Though the Cazenovia baseball team knew it could win games when Kevin Ridings pitched, it found a lot more difficulty on other occasions.
One example was last Monday’s game against Hannibal, where the Lakers led late, but could not hold on in a 6-3 defeat to the Warriors.
Cooper Holgate got the start, and for four innings he was solid, limiting Hannibal to one run. Meanwhile, the Lakers, with single runs in the fourth and fifth innings, sneaked into a 2-1 lead.
Then, in the bottom of the fifth, Hannibal chased Holgate for two runs. Ridings, working on short rest, gave up three runs in the bottom of the sixth, the eventual margin.
Casey Fenton doubled and drove in a run, with Paul McLaughlin and Noah Race adding RBIs of their own, but no Cazenovia batter had more than one hit against Hannibals’ Taber Carter, who threw a complete game and held the Lakers to five hits overall.
It didn’t get easier for the Lakers on Thursday afternoon, when it visited OHSL Liberty American division leader Westhill and could not get much going in an 11-1 defeat to the Warriors.
In each of the first two innings, Cazenovia stranded runners on third, and Westhill made the Lakers pay with a five-run outburst in the second, keyed by two-run doubles from Ryan Roland and Sam Walsh off Lakers starter Jake Schettine.
It was 8-0 before Cazenovia got its lone run in the top of the sixth, Schettine scoring on Peter Decew’s single. Evan Begley and Alex Marshall both pitched in relief of Schettine, who managed two of the Lakers’ six hits for the afternoon.
In Friday night’s game against Solvay at Onondaga Community College, the Lakers’ fast start ended up meaning little in a 15-4 defeat to the Bearcats.
Begley, Schettine, Cyle Dennis and Kevin Ridings all drove in runs in the top of the first, putting Cazenovia in front 4-0. Solvay countered with three runs in its first two innings and then, in the bottom of the fourth, erupted for 11 runs off four different Cazenovia pitchers. Jeff Honsinger, Sammy Kippen and Mike Yiazzo would lead the Bearcats with three RBIs apiece.
Chittenango, meanwhile, was 4-5, coming off a narrow defeat to defending Section III Class A champion Jamesville-DeWitt on May 2, when it resumed action five days later against visiting Mexico and lost a 5-2 decision to the Tigers.
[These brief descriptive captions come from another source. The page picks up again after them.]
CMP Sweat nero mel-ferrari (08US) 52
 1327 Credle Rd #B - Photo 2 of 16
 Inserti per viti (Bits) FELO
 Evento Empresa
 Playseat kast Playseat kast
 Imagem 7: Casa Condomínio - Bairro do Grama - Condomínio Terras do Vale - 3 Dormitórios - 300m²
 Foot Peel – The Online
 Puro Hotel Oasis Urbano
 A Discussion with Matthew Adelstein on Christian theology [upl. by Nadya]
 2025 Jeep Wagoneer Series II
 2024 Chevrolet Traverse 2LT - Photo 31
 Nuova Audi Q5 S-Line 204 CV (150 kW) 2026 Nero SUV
After an exchange of first-inning runs, Mexico got to Bears starting pitcher Seamus St. Ledger with a run in the third and two runs in the fourth.
Dane Johnson settled things down in a 3 1/3 inning relief stint, but Chittenango could not catch up, only tacking on a run in the sixth as Johnson and Zane Garvey had one RBI apiece. All told, the Bears had just four hits against Tigers starter Josh Washer, who pitched a complete game.
But when the two sides met again, at Mexico, on Saturday afternoon, it turned into a showcase for Wyatt Myers as he threw the first no-hitter of his varsity career and helped the Bears shut out the Tigers 8-0.
Though far from perfect – he allowed five walks and a hit batsman, and Chittenango had an error – Myers prevented any Mexico batter from safely reaching base, recording 11 strikeouts.
A five-run second inning broke the game open, and Myers was in the middle of the attack, too, with two hits, two runs scored and an RBI. John Murray, Joe Murray, Jack Wandersee, Zane Cowburn and Justin Gondeck also drove in runs.